AJ: One of the reasons I went with this oven is that it’s built in the U.S. It is produced 90% in the factory, and the dome and the floor are each cast in one piece. The oven at Bufalina is a brick oven, which means there is fluctuation and inconsistencies. This is more user-friendly and is designed to give a consistent product. We can put gas in it if we want, or we can operate it using strictly wood, or I can combine. I can show a newer cook how to use it using partially gas. Also, pizza ovens operate higher than what we try to do. Bufalina runs at 800 degrees, and we run at 575 to 650 in our oven. We need some longer cooking times than a 90-second pizza. We don’t want to incinerate everything. We want to control it more. That was part of the training, how to not overfire your oven and crack it the day you get it. We also wanted to be able to get parts here in the U.S. if there were any issues.
Zagat: What else is in the kitchen?
AJ: It’s full of fun, nice toys to play with. We have a really nice J&R wood-burning grill. It’s a showpiece. It has a 20-in. crankwheel on the side, which gives you a lot of control to sear or cook slowly. We’re using pecan wood out of the grill and oak in the oven. Oak won’t give a lot of flavor, but I like the smoke and smell and flavor that pecan gives to fish.
Zagat: What will the opening menu look like?

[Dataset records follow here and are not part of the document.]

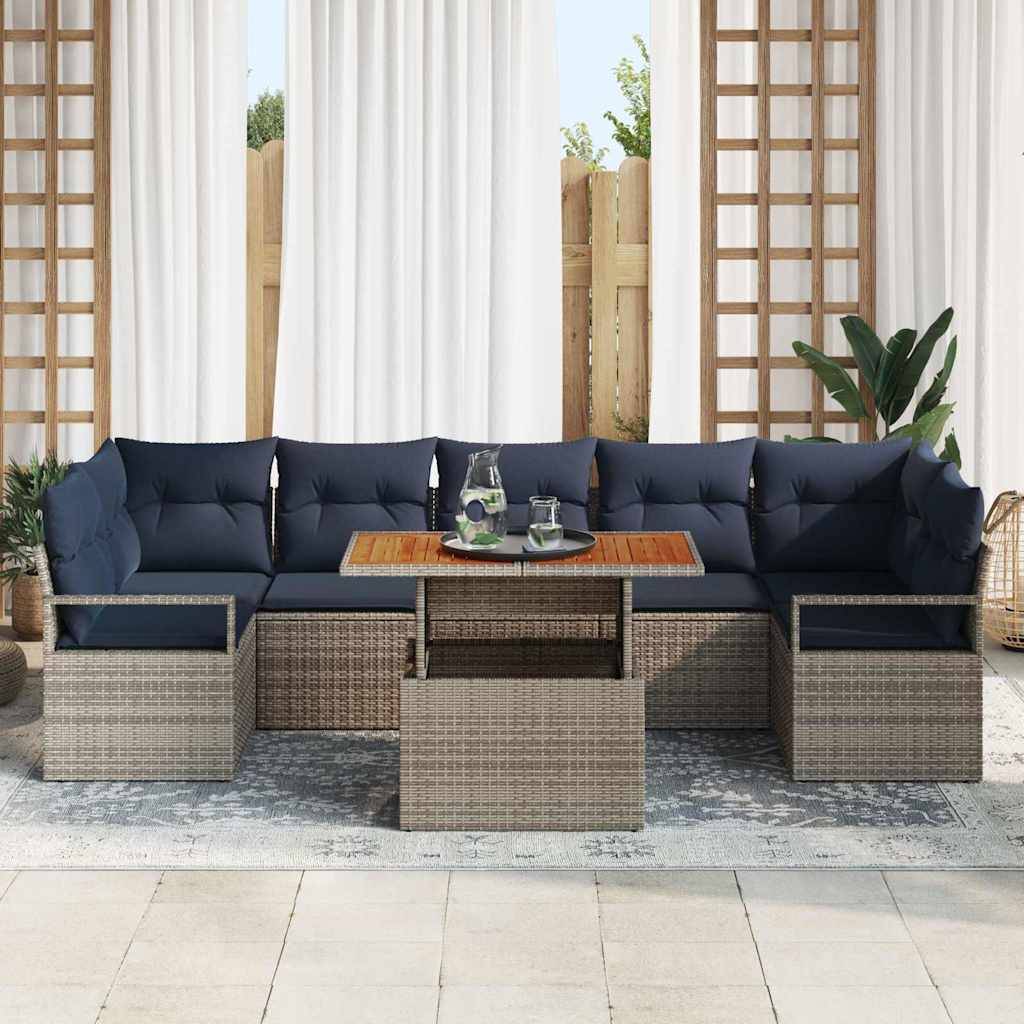 vidaXL Garten-Sofa-Set mit Kissen 8 pcs Grau und Marineblau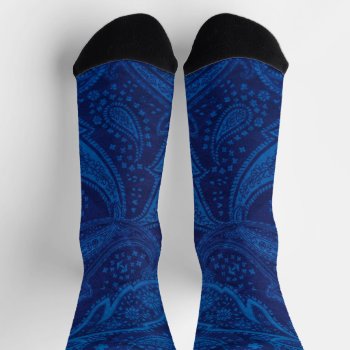 Blue Paisley Socks by alicing at Zazzle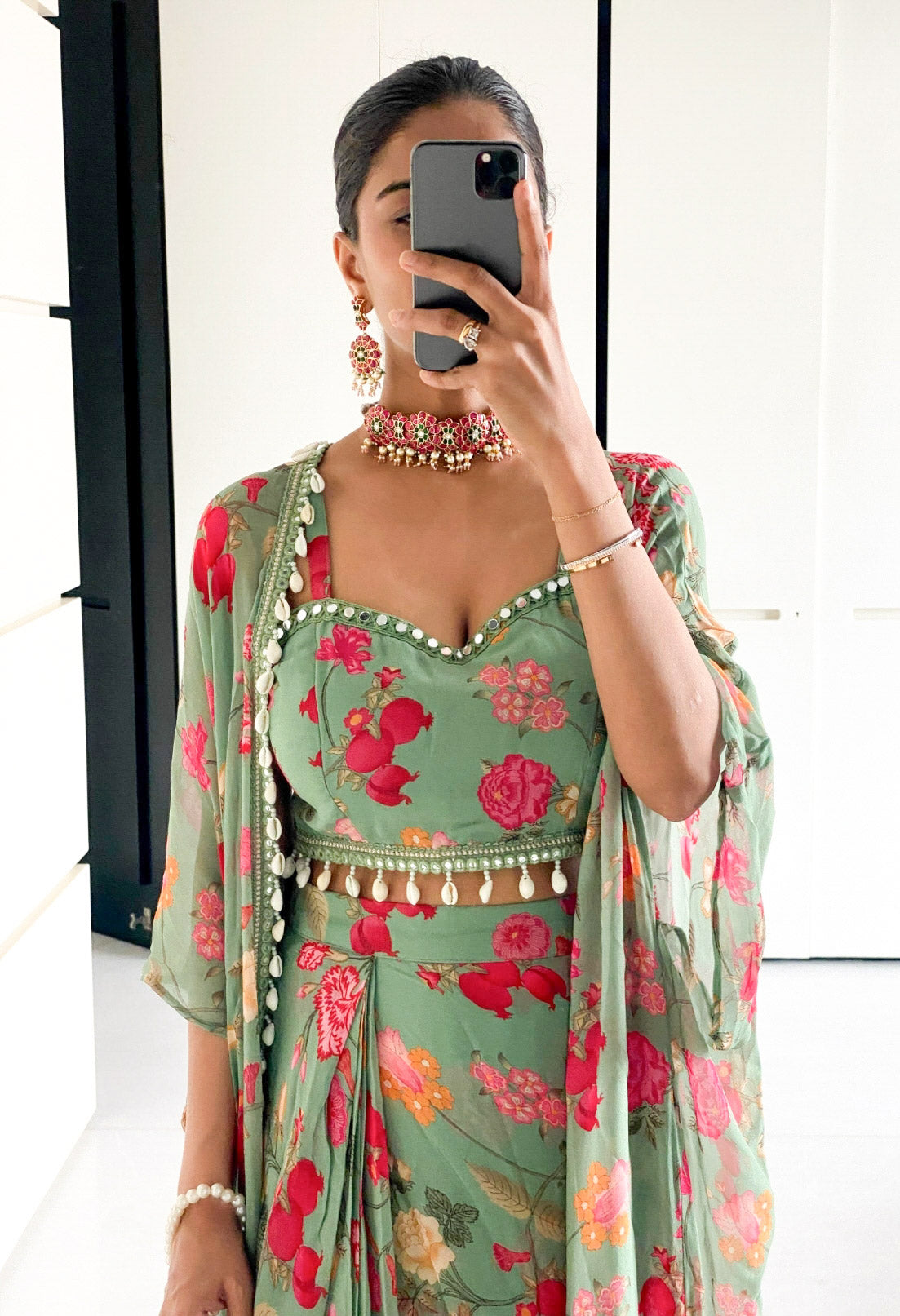 Sonal Forest Green Georgette Crop Top & Draped Skirt Co-ord Set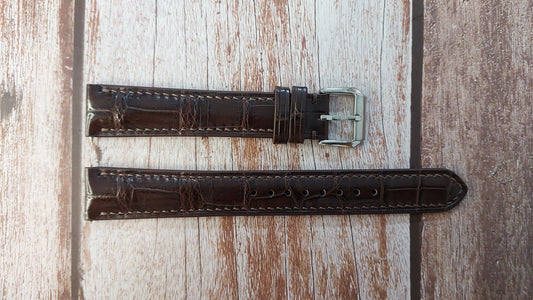 Brown Full Grain Crocodile Leather Strap For Zenith Watch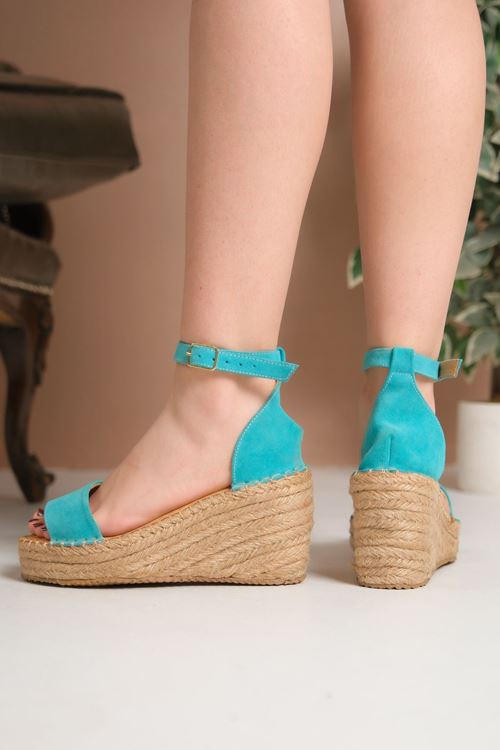 Şık Süet Turkuaz Dolgu Topuk Kadın Espadril Sandalet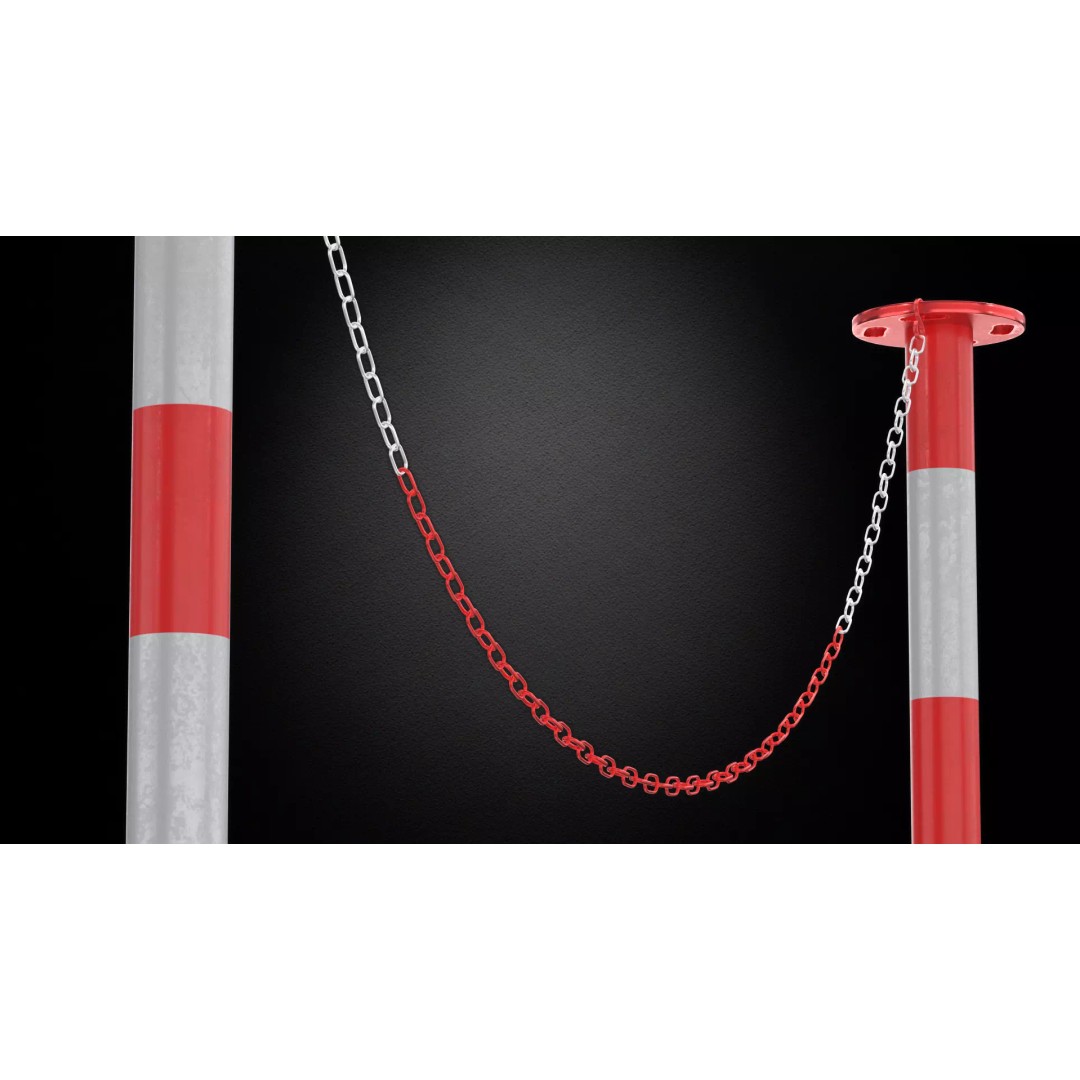 Crowd Control Stanchion 3D Model – Realistic Barrier with Chain, FBX - View 6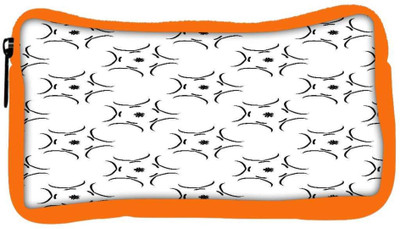 

Snoogg Eco Friendly Canvas White Pattern Designer Student Pen Pencil Case Coin Purse Pouch Cosmetic Makeup Bag (ORANGE) Pouch(Multicolor)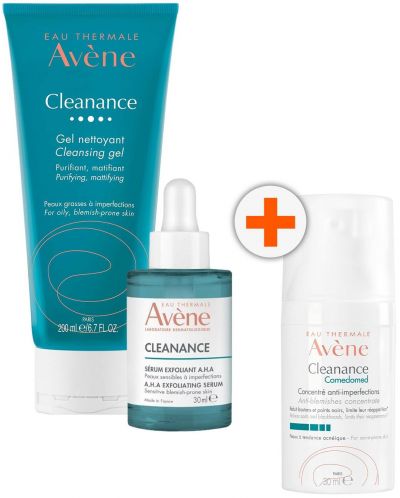 Avène Cleanance Комплект - Почистващ гел, Серум A.H.A и Концентрат Comedomed, 200 + 30 + 30 ml - 1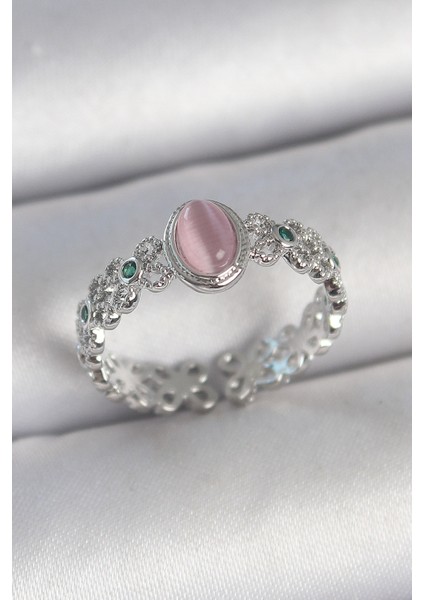 Pirinç Gümüş Renk Zirkon Taş Detaylı Pembe Mineli Damla Model Ayarlanabilir Kadın Yüzük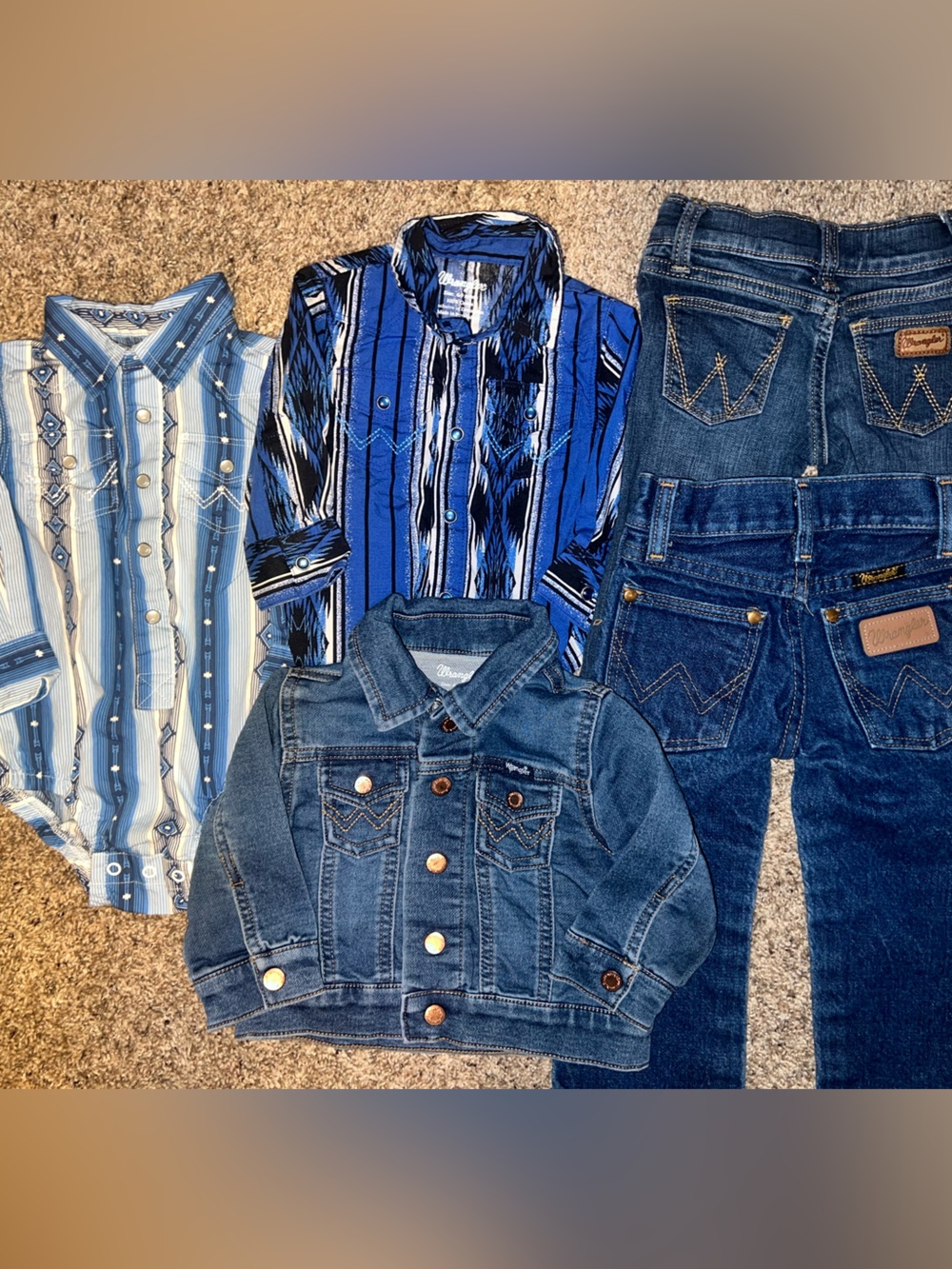 Wrangler Western Bundle Vintage Kids Baby Toddler Boys Pearl Snap Denim 9M 2T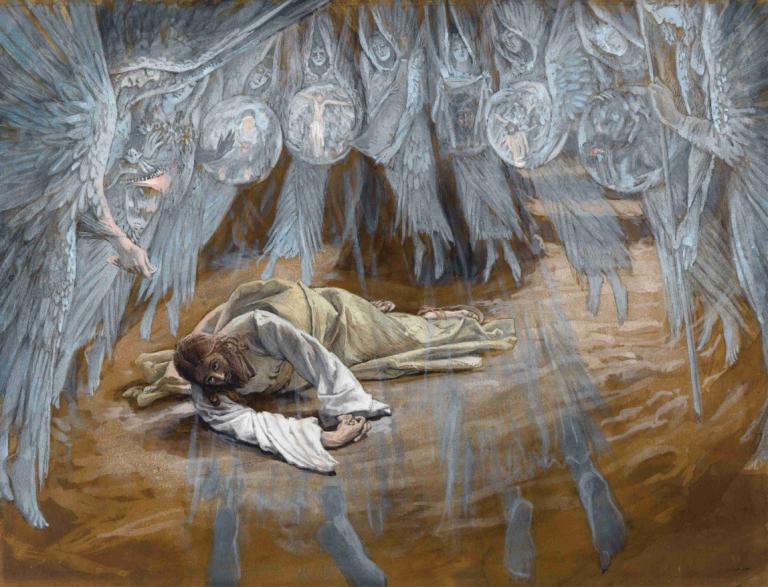 The Grotto of the Agony,James Tissot,Oil Painting,Oil Painting, brown hair, lying, long sleeves, weapon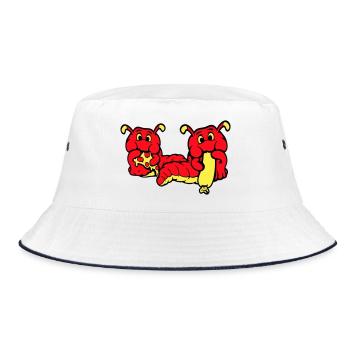2 Raupen Wurm Glücklich Essend Pizza Wurst Essen - Bucket Hat - Weiß/Navy - Vorne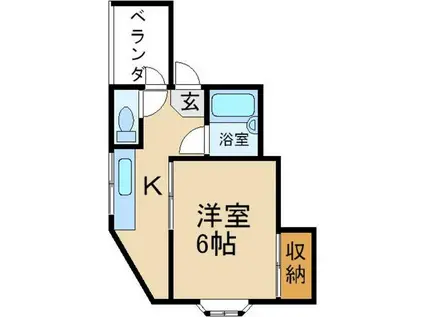 ピュアハイツ藤田(1K/3階)の間取り写真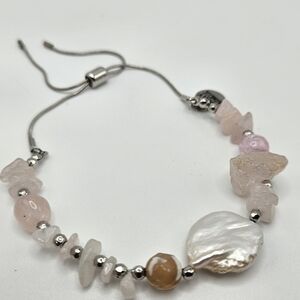 Kinsley Armelle Pink Quartz Mother of Pearl Beaded Adjustable Bracelet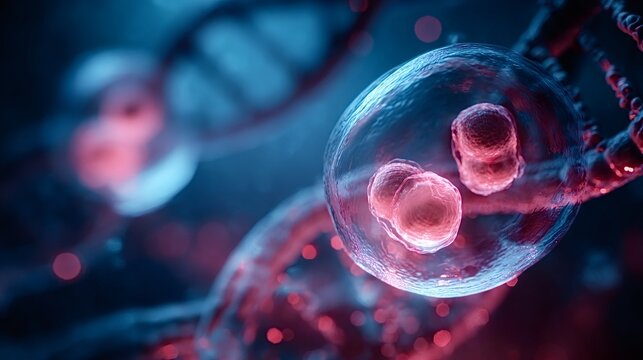 Microscopic cell replication in a biological environment showing dna strands in the background, representing scientific research, genetics, medicine, and advanced biotechnology concepts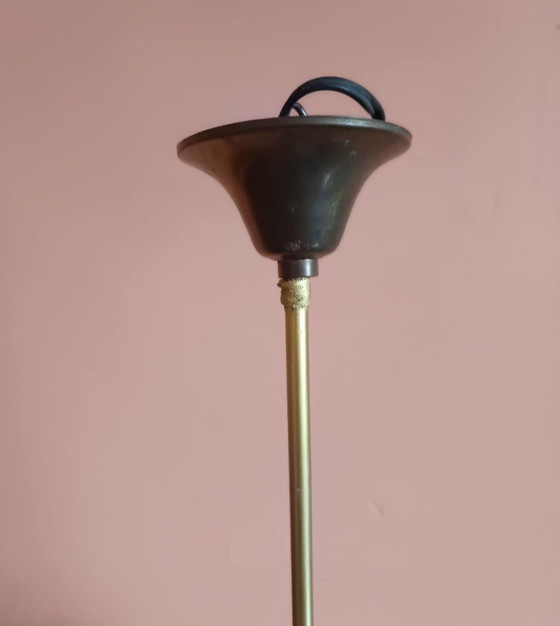 Image 1 of Grande lampada a sospensione vintage a cilindro in vetro, anni '50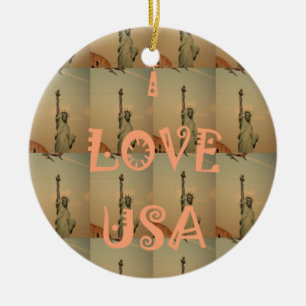 Patriotic Pop Art: "I Love USA" Graphic Art Design Ceramic Ornament
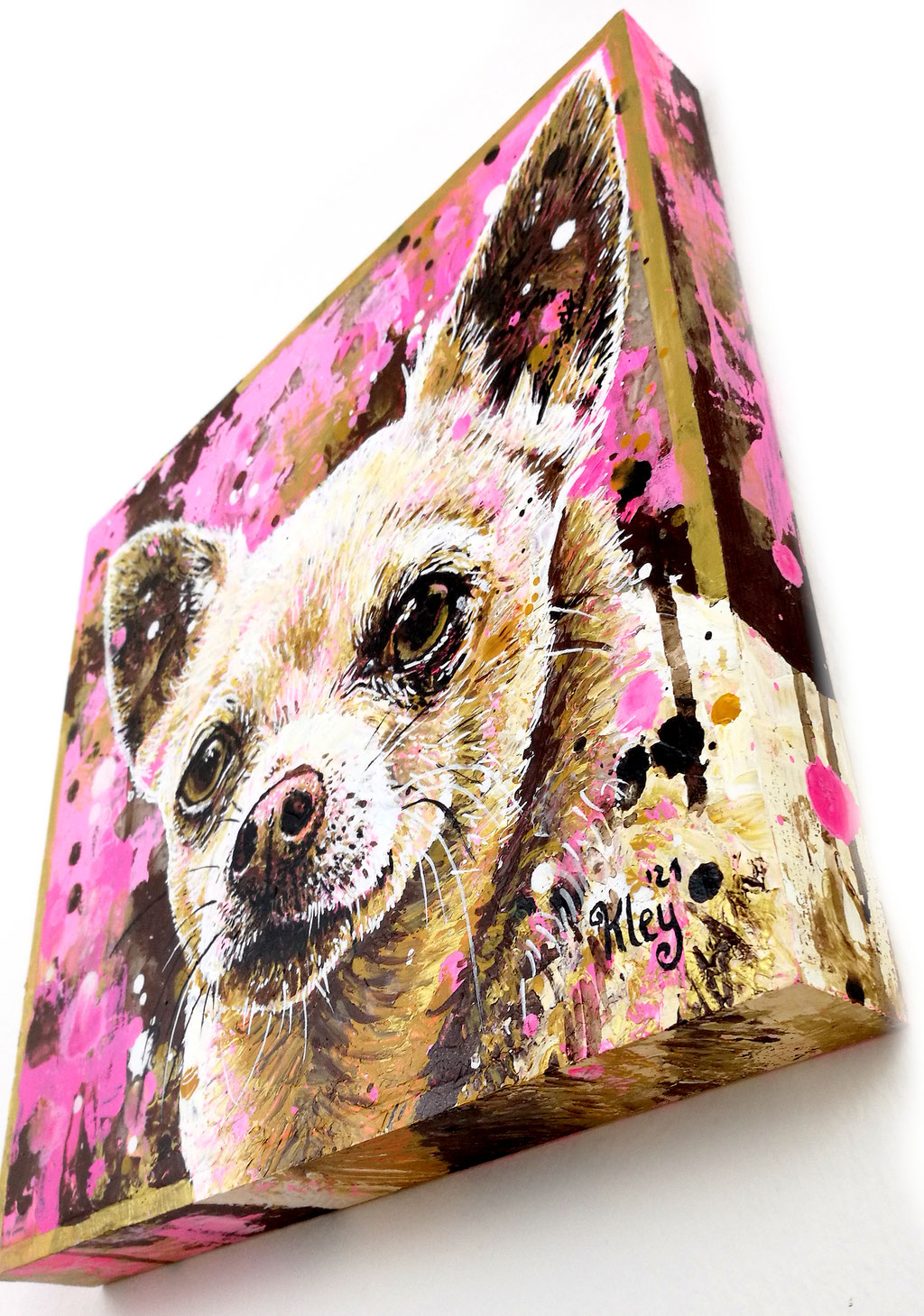Chihuahua Memorial Artwork vom Hund Erinnerungsbild in Gedenken an Haustier Acrylgemälde auf Kunstharz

AJ: We don’t know all the details yet, but we have the basic structure. There will be cold and hot apps, pastas and six entrees. It’s a nice mix of lighter items and heavier items. I get frustrated when I go out to eat and everything is heavy and I can only try one thing. The menu is designed to encourage sharing and give people an opportunity to taste little things and not have their palate overwhelmed. But if you want a big gut-busting meal you can do that too. We’ll have larger entrees and portion sizes (fish, steak, larger pieces of meat). That structure won’t change much. Also a lot of sides, because the entrees won’t be super composed. We’ll also have a bar menu with smaller portions, like half a chicken, a smaller steak, a cheese plate, a charcuterie plate, just different options in case you don’t want a formal menu. You’ll be able to order off the full menu at the bar too.